Redox Non-innocent Ligand Controls Water Oxidation Overpotential in a New Family of Mononuclear Cu-Based Efficient Catalysts

A new family of tetra-anionic tetradentate amidate ligands, N1,N1′-(1,2-phenyl­ene)­bis­(N2-methyl­oxal­amide) (H4L1), and its derivatives containing electron-donating groups at the aromatic ring have been prepared and characterized, together with their corresponding anionic Cu­(II) complexes, [(LY)­Cu]2–. At pH 11.5, the latter undergoes a reversible metal-based III/II oxidation process at 0.56 V and a ligand-based pH-dependent electron-transfer process at 1.25 V, associated with a large electrocatalytic water oxidation wave (overpotential of 700 mV).

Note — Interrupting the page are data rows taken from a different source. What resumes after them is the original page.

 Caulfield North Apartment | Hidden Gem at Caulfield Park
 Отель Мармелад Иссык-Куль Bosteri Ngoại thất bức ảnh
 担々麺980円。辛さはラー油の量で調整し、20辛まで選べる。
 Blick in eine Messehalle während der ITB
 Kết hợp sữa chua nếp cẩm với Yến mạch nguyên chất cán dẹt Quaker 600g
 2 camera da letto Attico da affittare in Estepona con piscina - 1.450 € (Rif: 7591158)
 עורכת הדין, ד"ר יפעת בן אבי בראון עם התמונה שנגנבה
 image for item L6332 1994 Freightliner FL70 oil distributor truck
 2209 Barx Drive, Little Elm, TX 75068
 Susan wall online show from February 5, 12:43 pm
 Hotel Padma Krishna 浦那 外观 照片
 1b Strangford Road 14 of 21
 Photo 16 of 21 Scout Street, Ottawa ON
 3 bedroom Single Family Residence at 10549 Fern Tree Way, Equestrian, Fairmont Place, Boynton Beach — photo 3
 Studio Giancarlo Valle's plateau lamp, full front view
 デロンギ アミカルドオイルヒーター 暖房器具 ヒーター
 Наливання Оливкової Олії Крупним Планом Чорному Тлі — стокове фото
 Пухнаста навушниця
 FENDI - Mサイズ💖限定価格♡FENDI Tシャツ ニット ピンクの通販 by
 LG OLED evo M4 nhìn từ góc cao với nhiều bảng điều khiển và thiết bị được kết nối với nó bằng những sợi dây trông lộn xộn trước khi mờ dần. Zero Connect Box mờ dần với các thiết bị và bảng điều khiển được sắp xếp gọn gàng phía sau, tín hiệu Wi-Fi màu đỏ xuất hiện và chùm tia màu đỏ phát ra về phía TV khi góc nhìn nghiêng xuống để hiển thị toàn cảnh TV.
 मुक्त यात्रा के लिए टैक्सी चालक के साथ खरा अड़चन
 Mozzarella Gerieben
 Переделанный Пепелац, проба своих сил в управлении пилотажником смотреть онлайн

Foot-of-the-wave analysis gives a catalytic rate constant of 3.6 s–1 at pH 11.5 and 12 s–1 at pH 12.5. As the electron-donating capacity at the aromatic ring increases, the overpotential is drastically reduced down to a record low of 170 mV. In addition, DFT calculations allow us to propose a complete catalytic cycle that uncovers an unprecedented pathway in which crucial O–O bond formation occurs in a two-step, one-electron process where the peroxo intermediate generated has no formal M–O bond but is strongly hydrogen bonded to the auxiliary ligand.